Abstract

Abstract Vaccination as a strategy for the prevention of infectious disease has been one of the greatest success stories in modern medicine, resulting in the complete eradication of smallpox, the near eradication of polio, and the drastic lowering in the incidences of measles, mumps, influenza and other common diseases. In contrast to these remarkable successes, recent failures in the development of effective vaccines against other major public health threats, including HIV, TB and malaria have highlighted the limitations to the current approach of empirical vaccine design and the need to better understand the basic principles of how to recognize and elicit immune responses that generate effective and durable protective immunity.
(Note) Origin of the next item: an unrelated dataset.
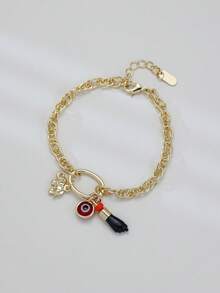 14K Gold Jewelry Wholesale Asabech Evil Eye Hamsa Hand Shaped Lucky Amulet Bracelet, Customizable Brass - Bracelet - View 18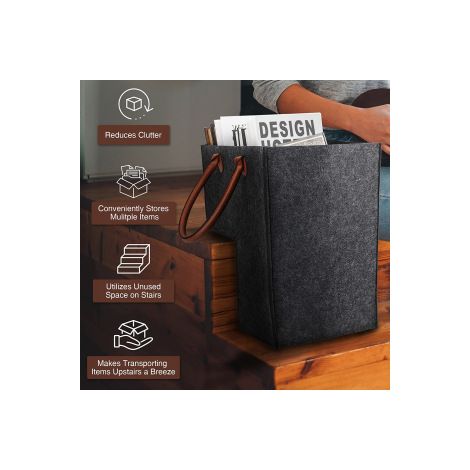 2 paniers pliables en feutre avec anses – Rangement à linge pour escalier – Forme carrée ou ronde, grande contenance (1/5)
Single cell transcriptional profiling by RNA sequencing (scRNAseq) is a powerful tool for exploring the phenotypic diversity of cell populations present in peripheral blood and other tissue specimens in an unbiased fashion. We applied scRNAseq to FACS sorted blood samples collected from participants before and after challenge with the licensed Hepatitis B vaccine, and identified several innate cell subtypes using unbiased clustering analysis. Marker genes specific for each cell subtype were identified using random forest machine learning for use in qPCR. Our results suggest that the relative levels of myeloid dendritic cells (mDCs) specifically expressing the N-myc target gene, NDRG2, prior to vaccination predict serum antibody responses to the HepB vaccine.